Self-shock is potentially more discomforting for the sojourner simply because the ambiguities are about the Self, and not the Other. As Prescott Lecky (1968) pointed out, the Self is the "central axiom" for the individual's whole life theory. Thus, self-shock can become a global sense of wrongness associated with the "free-floating anxiety" that many sojourners experience (Furnham & Bochner, 1986). Also, because self-shock strikes at the core, the central axiom, whatever intercultural "need" there may be to learn about the Other will take a back seat to the need to reintegrate and defend the core. This explains why defensive communication postures are so prevalent and why learning postures can be so difficult for sojourners to maintain. The need to understand the Self takes prescience to the need to understand the Other. As Hamachek (1971, p.95) observed, it is when we cannot predict our own behavior, not others, that we get most anxious.

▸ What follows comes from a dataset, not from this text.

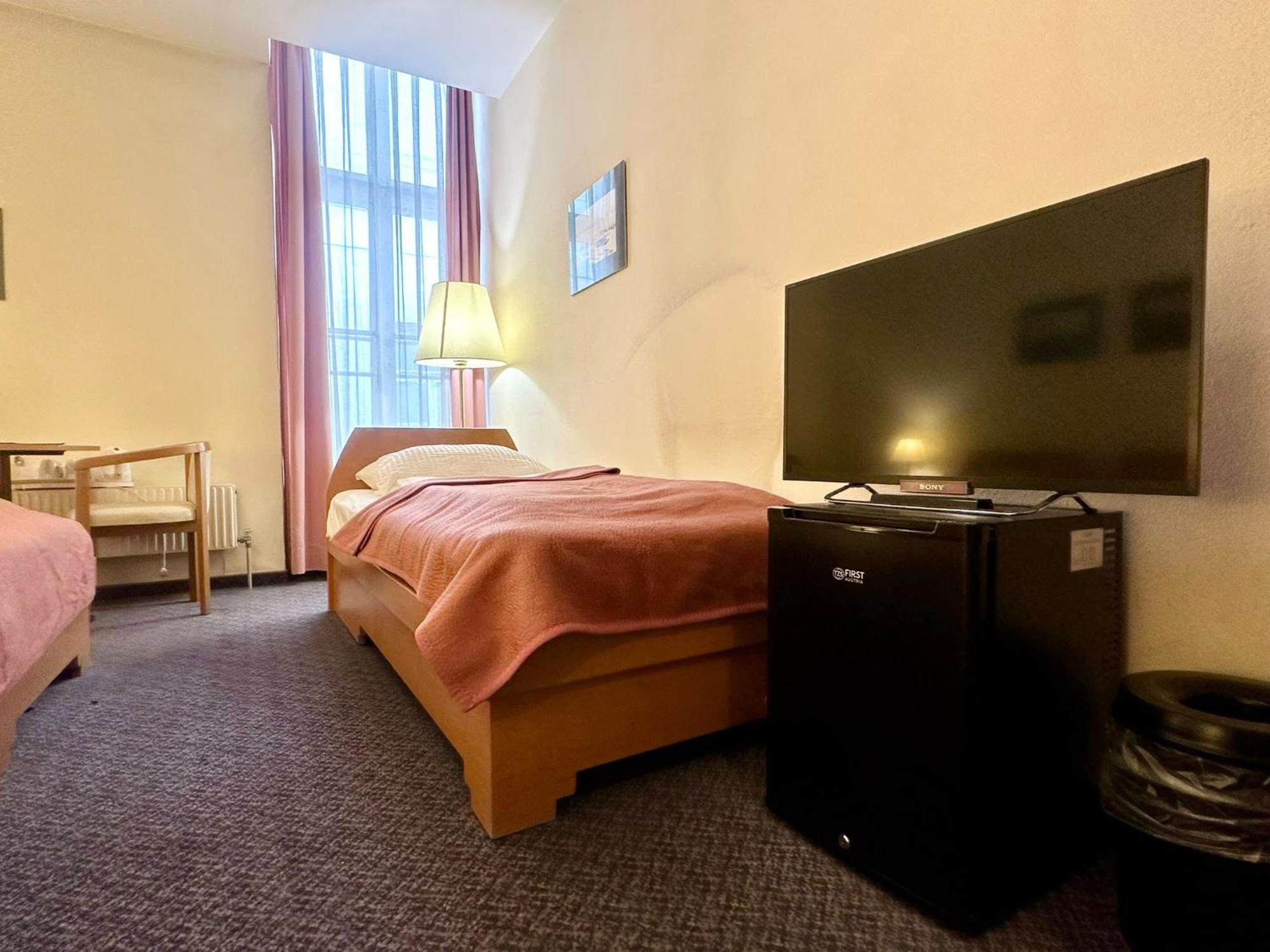 Hotel Am Schottenpoint 3*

The root of self-shock lies in the intimate relationship among Self, behavior and Other and the various assumptions that we hold out-of awareness. The intra-cultural survey highlighted that both behavior and the relationship with the Other play an important role in an individual's ability to maintain consistent, recognizable self-identities. This out-of-awareness ability is challenged in the intercultural context.
In the intra-cultural setting, the relationship between self, behavior and other appears to be a complementary one -- behaviors are used to create and maintain self-identities and the relationship between self and others is based on a shared understanding of what behavior means. In the intercultural context, because of behavioral ambiguity, the intimate relationship between behavior, self and other becomes strained or contradictory. This strained relationship impacts upon the individual's ability to maintain consistent, recognizable self- identities, leading ultimately to self-shock. There are three dimensions in which we can see the process of self-shock evolve. The three dimensions are extensions of self-concept theory applied to the intercultural communication process.
The first dimension of self-shock relates back to the notion of self-attribution based on observing one's behavior (Bem, 1972). In the intercultural setting the individual strains to use and control behaviors in a manner consistent with self- identities. Because the intercultural setting has variable meanings for behaviors, the individual may find his or her behavior producing inconsistent self-images. The newness of the environment can also make even duplicating the simplest of behaviors seem awkward or unnatural. The behaviors reflects upon the Self. An painful example would be wife of an overseas business executive who considers herself to be a gourmet chef, yet cannot boil water right in the new environment. Festinger's social comparison theory helps further explain the self-doubt based on observing behavior. Sojourners often compare their awkward behavior with that the members of the host culture. As Brislin (1982) noted, many (adult) sojourners find their behavior skills comparable to those of the host culture children.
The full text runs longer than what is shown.